I especially loved the comment that kids stealing the game might buy it anyway. I've never read a more naive comment than that.

16 Comments

  • One of the nasty problems with software is that they violate the sense of fair use that consumers have taken advantage of for years. When one of my friends goes out and buys a new Metallica CD, we're all going to physically make a copy. Until the digital revolution, the right to make bootleg copies to distribute to family and friends was clearly outlined by the law. To this day, people swap CDs, DVDs and books with each other in the physical medium and we accept it.



    The problem with software is it doesn't exactly work like that. While content providers should suck up and deal with the swapping of physical media, its very unreasonable for them to suck up and deal with digital swapping, where the potential audience per asset sold is much much higher. At the same time, software has imposed the concept lately of "1 copy, 1 user", which flies in the face with the rights consumers have had for generations. Why is it okay for me to trade XBox games with friends, but not okay for me to trade PC game CDs with friends.



    When you couple this with the fact that productive software ala MS Office / Photoshop / Visual Studio / etc tends to be priced towards corporate buyers instead of consumers, you end up creating a market where people almost have to rationalize stealing software ala "Its okay for me to use MS Office at home, because my employer got a copy at work, and 90% of the things I'll do at home with it are for work, so its unfair I should have to buy it".



    Personally, I keep a physical media rule. If a friend lets me borrow his CD, I'll rip it so I can have a copy for myself, likewise with movies. In terms of software - if someone lends me the Doom3 CDs, I'll play them without buying, but I won't make a copy, so when I give the CDs back to my friend, the game won't work for me anymore. Since that works in the same spirit as "Sure you can borrow my book", I feel fine doing it.



    I think the people in this country need to have a serious talk about fair use and media - its unreasonable to think that consumers should blindly accept their fair use rights being revoked by media companies, and its probably similarly unreasonable to think that they'll boycott media empires when its basically a giant monopoly. Is civil disobedience the right answer? Maybe. And for that reason, while I don't participate in software piracy any more than I admitted to above, I don't tend to smack down on those that do.

  • Fair use applies to something you own, which in most cases means something you paid for. Copying a game from a friend is not fair use. There are other fair uses, that do not require you to own whatever you're using, but those do not apply here, they're things like satire, political speach, news and so on... Copying a game from a friend (or a rental place) is not fair use, no matter how much you want it to be.

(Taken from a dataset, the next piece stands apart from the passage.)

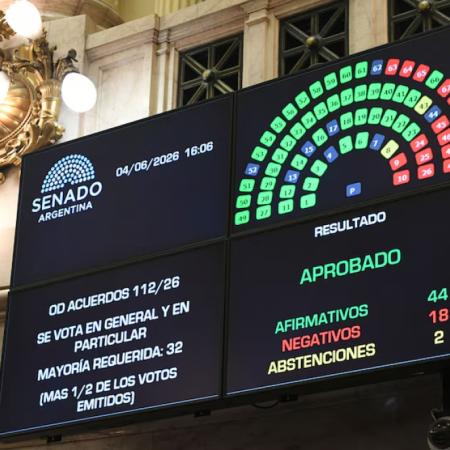 Bullrich vs. Milei en el Senado: a qué lado fue cada voto por Michelli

  • Fair use, as defined by the United States Supreme Court, hasn't changed much insofar as copying rights since Sony Corp v. Universal City Studios, 464 U.S. 417 (1984) (Docket Number: 81-1687), the infamous Betamax case - In that case, the bench ruled that copying to/from physical media caused minimal harm to the value of the copyrighted work. Although they did not expressly reserve the right of consumers to copy works, by denying Universal a criminal and/or civil antidote to their grievances, they effectively did. In more recent times, Kelly v. Arriba Soft Corporation (1999 U.S. App. LEXIS 1786) upheld the doctrine that even in the digital age, free distribution of reduced quality copies of media is appropriate and governed under fair use. Even in the Napster case, althought Napster obviously lost, the court found for the plaintiff on the grounds that Napster violated the copyholder's right to distribution, and to mass reproduction - the court ruled that the other three points were permitted under fair use (upheld by the 9th Circuit).

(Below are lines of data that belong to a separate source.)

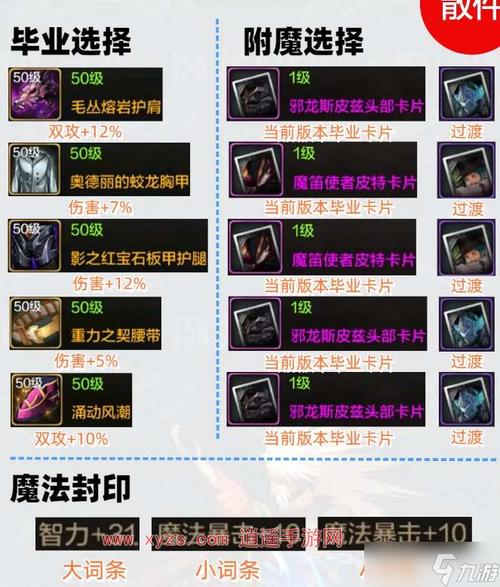 dnf传说装备怎么合成,dnf传说装备去哪里打-第1张图片-文史 dnf传说装备怎么合成,dnf传说装备去哪里打-第1张图片-文史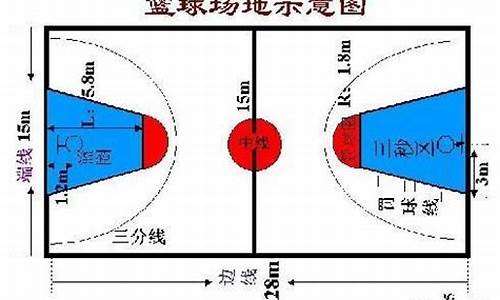 篮球规则300条_篮球规则大全文字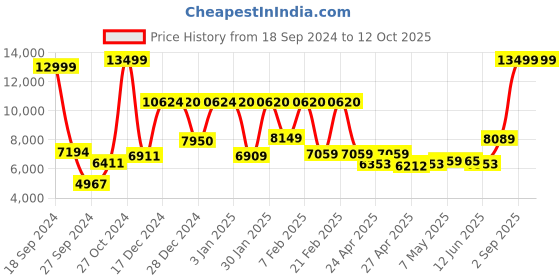 ajio.com the clownfish Striped Trolley Bag with 360 Degree Rotating Wheel the clownfish Price History Graph from 18 Sep 2024 to 12 Oct 2025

    Stepping back from straight-letter law for a second, this is exactly what society has been doing with books for hundreds of years - to a significantly greater extent when you consider libraries. If you can honestly tell me that its wrong to borrow a technical book from a coworker's bookshelf then you've been deceived by mass media, my friend. Fair use for media rights applies equally across ALL types of copyrighted media. Software is a tricky point on it since software is not a passive media and thus subject to patent over copyright, and the jury's still out on that one.

  • Re: Copying.



    I don't think copying software is fair use. Its not a passive media and isn't acknowledged as a consumer right as "legitimate bootlegging".



    But I didn't say I did copy games - I said I'd borrow them without copying. Although shrinkwrapped liscense may have problems with that, that doesn't make it illegal by any stretch of the imagination. In fact, maintaining the view of physical media space shifting (the right to give a book to a friend), I submit its wholely legal solong as multiple parties can't use the same software at the same time.

  • You know that's not what anyone here is talking about, so why are you trying to take some intellectual high road that has nothing to do with piracy? See: Jerry's post. Ten people download the game and play it, that's piracy.

  • ????



    We're defining piracy. I agreed in my first post that downloading games will-nilly off the net and playing them was piracy. You said that the idea of playing a game from the original CD you didn't purchase wasn't fair use. I was just responding.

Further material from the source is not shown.